HDF5#
Reading/writing from/to |HDF5| files is supported with format='hdf5'
(this
requires |h5py| to be installed). However, the .hdf5
file extension is
automatically recognized when writing files, and HDF5 files are automatically
identified (even with a different extension) when reading in (using the first
few bytes of the file to identify the format), so in most cases you will not
need to explicitly specify format='hdf5'
.
Since HDF5 files can contain multiple tables, the full path to the table
should be specified via the path=
argument when reading and writing.
Examples#
To read a table called data
from an HDF5 file named observations.hdf5
,
you can do:
>>> from astropy.table import QTable
>>> t = QTable.read('observations.hdf5', path='data')

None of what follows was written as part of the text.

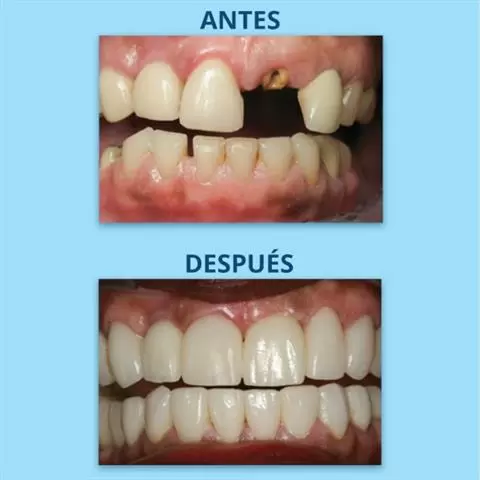 Dr. Soto The Downey Dentist image 10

To read a table nested in a group in the HDF5 file, you can do:
>>> t = QTable.read('observations.hdf5', path='group/data')

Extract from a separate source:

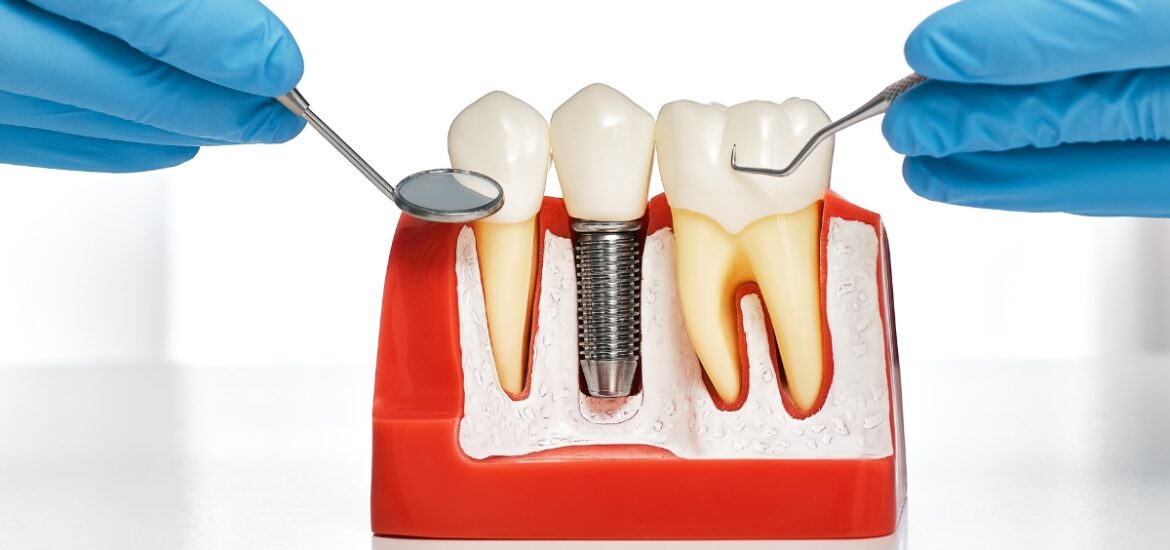 permanent tooth replacement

To write a table to a new file, the path should also be specified:
>>> t.write('new_file.hdf5', path='updated_data')
It is also possible to write a table to an existing file using append=True
:
>>> t.write('observations.hdf5', path='updated_data', append=True)
As with other formats, the overwrite=True
argument is supported for
overwriting existing files. To overwrite only a single table within an HDF5
file that has multiple datasets, use both the overwrite=True
and
append=True
arguments.
Finally, when writing to HDF5 files, the compression=
argument can be
used to ensure that the data is compressed on disk:
>>> t.write('new_file.hdf5', path='updated_data', compression=True)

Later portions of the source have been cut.